**About this exercise**
Look through the data that follows and copy each line with the string "Slide".

=== Data in this exercise ===

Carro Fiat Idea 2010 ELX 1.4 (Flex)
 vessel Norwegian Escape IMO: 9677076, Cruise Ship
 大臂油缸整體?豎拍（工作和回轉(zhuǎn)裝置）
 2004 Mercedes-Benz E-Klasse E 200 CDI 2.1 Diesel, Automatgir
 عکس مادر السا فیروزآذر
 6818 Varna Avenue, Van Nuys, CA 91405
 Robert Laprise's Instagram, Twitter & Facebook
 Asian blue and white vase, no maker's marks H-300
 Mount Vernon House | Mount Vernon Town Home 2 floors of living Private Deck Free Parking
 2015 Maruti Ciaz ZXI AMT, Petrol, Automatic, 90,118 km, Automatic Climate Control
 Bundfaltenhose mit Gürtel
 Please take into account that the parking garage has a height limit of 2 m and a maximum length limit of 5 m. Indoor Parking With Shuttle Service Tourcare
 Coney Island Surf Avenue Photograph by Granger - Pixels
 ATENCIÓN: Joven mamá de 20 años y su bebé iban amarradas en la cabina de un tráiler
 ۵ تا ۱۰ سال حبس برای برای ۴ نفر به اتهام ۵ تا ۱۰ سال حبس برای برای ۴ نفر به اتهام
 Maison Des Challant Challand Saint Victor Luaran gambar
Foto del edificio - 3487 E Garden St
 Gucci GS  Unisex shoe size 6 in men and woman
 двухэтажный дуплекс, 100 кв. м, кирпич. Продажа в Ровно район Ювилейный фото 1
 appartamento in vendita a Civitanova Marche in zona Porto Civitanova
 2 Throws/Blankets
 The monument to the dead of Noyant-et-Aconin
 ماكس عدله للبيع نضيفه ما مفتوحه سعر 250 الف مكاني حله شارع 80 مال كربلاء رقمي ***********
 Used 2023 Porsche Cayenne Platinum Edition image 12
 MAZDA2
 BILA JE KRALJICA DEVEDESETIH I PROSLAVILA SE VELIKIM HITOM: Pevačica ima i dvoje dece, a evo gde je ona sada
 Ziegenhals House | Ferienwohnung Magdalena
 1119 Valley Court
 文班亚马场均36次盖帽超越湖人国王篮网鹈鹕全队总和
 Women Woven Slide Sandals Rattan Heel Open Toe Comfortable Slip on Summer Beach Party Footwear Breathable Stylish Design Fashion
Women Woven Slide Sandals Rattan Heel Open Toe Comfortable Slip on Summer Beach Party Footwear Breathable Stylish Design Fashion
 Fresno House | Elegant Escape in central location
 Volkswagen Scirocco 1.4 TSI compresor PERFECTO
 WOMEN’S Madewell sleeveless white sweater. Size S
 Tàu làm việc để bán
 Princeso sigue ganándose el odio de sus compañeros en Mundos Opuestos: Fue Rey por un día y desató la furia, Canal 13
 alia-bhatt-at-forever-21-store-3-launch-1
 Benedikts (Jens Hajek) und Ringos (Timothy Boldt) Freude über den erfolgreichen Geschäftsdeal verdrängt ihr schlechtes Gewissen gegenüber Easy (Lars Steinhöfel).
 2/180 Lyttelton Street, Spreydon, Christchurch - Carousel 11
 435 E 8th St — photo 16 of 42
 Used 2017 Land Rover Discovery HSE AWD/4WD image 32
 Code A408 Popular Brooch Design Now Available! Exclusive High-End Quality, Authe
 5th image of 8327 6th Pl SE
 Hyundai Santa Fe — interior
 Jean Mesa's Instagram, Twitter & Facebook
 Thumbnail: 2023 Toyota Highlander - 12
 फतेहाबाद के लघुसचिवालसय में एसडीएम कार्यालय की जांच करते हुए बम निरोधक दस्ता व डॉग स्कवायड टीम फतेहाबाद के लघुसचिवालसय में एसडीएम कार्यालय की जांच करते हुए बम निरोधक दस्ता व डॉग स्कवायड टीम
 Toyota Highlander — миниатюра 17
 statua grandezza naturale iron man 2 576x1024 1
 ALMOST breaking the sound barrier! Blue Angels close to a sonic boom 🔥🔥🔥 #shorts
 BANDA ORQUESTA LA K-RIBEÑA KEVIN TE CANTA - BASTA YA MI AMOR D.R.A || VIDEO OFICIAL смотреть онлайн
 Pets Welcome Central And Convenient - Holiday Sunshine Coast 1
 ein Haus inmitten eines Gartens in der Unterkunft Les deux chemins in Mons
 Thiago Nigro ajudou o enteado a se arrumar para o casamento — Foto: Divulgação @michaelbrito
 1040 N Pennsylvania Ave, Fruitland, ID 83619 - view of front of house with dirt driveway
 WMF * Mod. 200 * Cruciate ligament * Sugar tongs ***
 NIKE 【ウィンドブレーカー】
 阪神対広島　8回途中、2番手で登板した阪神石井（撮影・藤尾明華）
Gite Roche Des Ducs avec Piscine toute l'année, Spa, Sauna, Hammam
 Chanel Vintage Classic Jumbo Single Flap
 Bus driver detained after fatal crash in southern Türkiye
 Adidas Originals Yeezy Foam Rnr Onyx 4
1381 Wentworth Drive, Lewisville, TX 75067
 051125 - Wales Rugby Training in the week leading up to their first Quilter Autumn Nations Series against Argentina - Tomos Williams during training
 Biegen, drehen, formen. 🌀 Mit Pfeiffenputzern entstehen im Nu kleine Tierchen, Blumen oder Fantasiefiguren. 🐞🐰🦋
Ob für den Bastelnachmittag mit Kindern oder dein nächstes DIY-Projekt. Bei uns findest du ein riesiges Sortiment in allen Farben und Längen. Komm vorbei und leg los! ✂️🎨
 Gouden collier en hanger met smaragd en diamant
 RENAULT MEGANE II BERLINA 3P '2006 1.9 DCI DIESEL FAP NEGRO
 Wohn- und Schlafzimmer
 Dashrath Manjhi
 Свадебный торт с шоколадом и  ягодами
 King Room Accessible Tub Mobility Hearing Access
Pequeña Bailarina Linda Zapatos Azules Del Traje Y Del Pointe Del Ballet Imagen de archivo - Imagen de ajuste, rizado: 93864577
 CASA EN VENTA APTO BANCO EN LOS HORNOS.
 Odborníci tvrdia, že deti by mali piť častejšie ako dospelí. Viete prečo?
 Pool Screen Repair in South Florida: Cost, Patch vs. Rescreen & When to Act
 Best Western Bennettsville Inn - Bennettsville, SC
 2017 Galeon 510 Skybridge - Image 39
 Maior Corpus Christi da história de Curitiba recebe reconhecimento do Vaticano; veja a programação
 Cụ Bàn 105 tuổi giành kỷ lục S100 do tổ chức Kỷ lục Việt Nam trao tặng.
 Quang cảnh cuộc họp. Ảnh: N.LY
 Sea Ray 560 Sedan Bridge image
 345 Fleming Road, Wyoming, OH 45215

===

**Response for this exercise**
 Women Woven Slide Sandals Rattan Heel Open Toe Comfortable Slip on Summer Beach Party Footwear Breathable Stylish Design Fashion
Women Woven Slide Sandals Rattan Heel Open Toe Comfortable Slip on Summer Beach Party Footwear Breathable Stylish Design Fashion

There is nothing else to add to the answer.